From the annals of my unpublished Yale Daily News work. The Amy Chua maelstrom has receded from the public mirror, but why not re-live the night she came to Berkeley College?
Amy Chua comes off as the tiniest bit neurotic – but in an
adorable, high-powered, Wall-Street kind of way. On Wednesday, April 7th,
Professor Chua read from her book, Battle
Hymm of a Tiger Mother and answered around 20 questions from a 200-strong
audience for the annual Asian American Heritage Month dinner in Berkeley Dining
hall. While the content of her discussion was entrancing enough – she spoke
candidly of her negative press coverage, the current state of her children,
anecdotes of her own childhood, and her personal journey finding a passion for
law – what stood out in starkest contrast to her media persona was, well, her
real personality.
Chua walked on stage at 6:30 p.m., dressed in a two-piece
black suit and wearing enormous hoop earrings. She seemed a bit nervous about
the event: despite noting that it was nice to be back “on home turf,” she
stumbled a bit with her own introduction, dotting her sentences with “ums” and
“uhs” – not what you’d expect from a seasoned public figure after months of
cross-country books signings and interviews. Her sense of pacing was also just
slightly off: immediately after she finished reading an excerpt from her book, before
applause could occur, she plowed ahead and asked the audience for questions.
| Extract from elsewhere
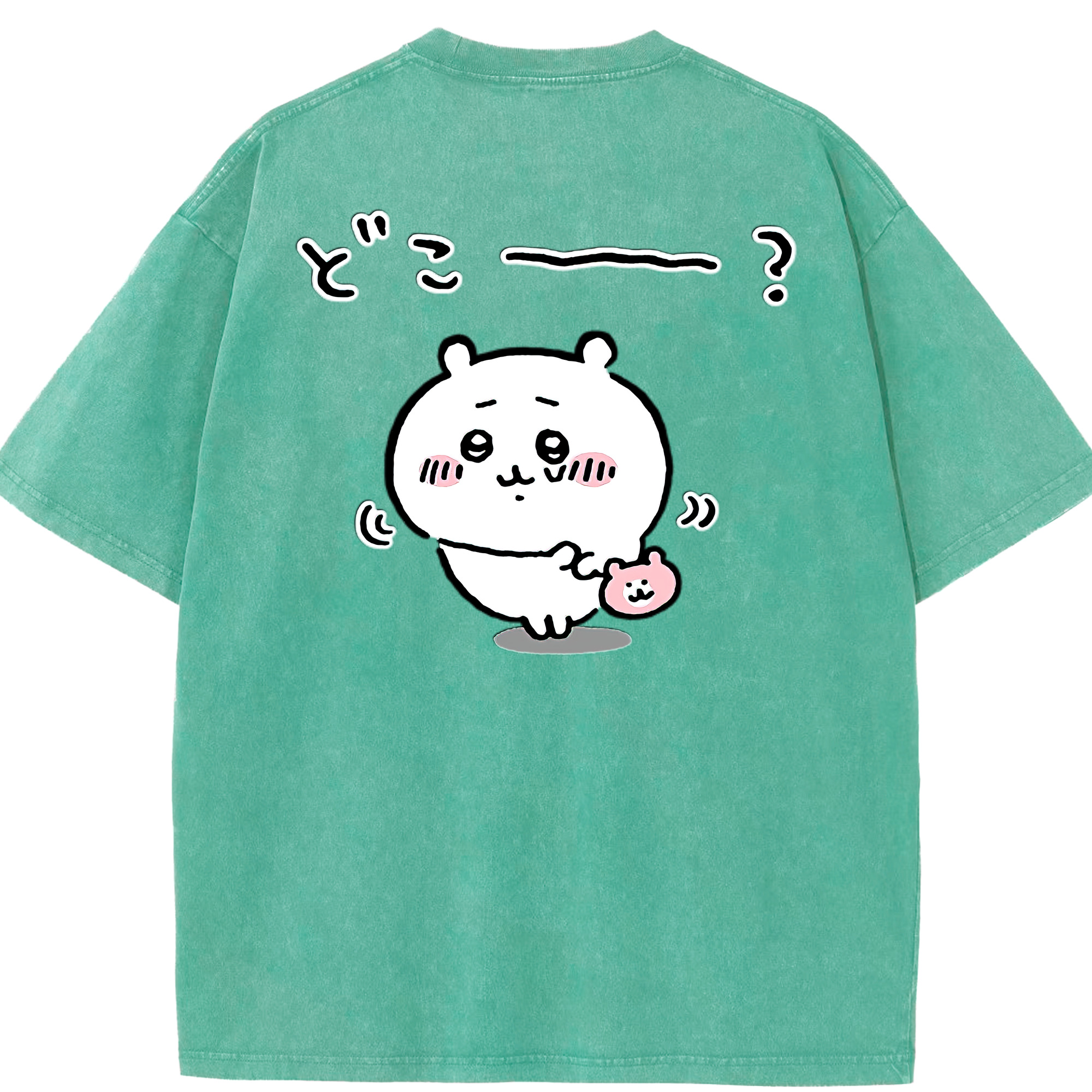 （画像用） ちいかわ ちいかわ Chii-kawa chiikawa 綿100% ヴィンテージ風 半袖Tシャツ（背面プリント）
From far away, Chua is pretty gorgeous. I had a friend
sitting next to me say, “She is so skinny! I wish I could look like that when
I’m 48!” Close-up, she seems to possess a perpetual sneer; when she listens or
watches someone else, the resting position for her face looks more angry than
happy, and her mouth is slightly open to reveal her teeth. It’s tiger-like, you
could say.
You can also tell she’s sassy. Multiple times during the question-and-answer
session, Chua would toss her head back to fling her bead-straight hair out of
her face. It’s not a cute gesture, or a friendly one – think more practical, hardened
and direct, and slightly overconfident.
But her tornado of personality is exactly the infusion of “real
talk” the Asian American community needs. Chua isn’t a role model, per say—she’s
too infamous to fill those shoes, except maybe with her children—but she’s not
afraid to open herself up to the public eye and voice her opinions. Coming from
a culture that values social harmony at the expense of direct, unfiltered, (and
oftentimes) helpful criticism, that’s a step in the right direction.
For all of Chua’s idiosyncrasies, she’s breaking the bamboo
ceiling because of her brashness. And for that, we’ll forgive her — even if
Sophia, her oldest daughter, did decide to go to Harvard over Yale.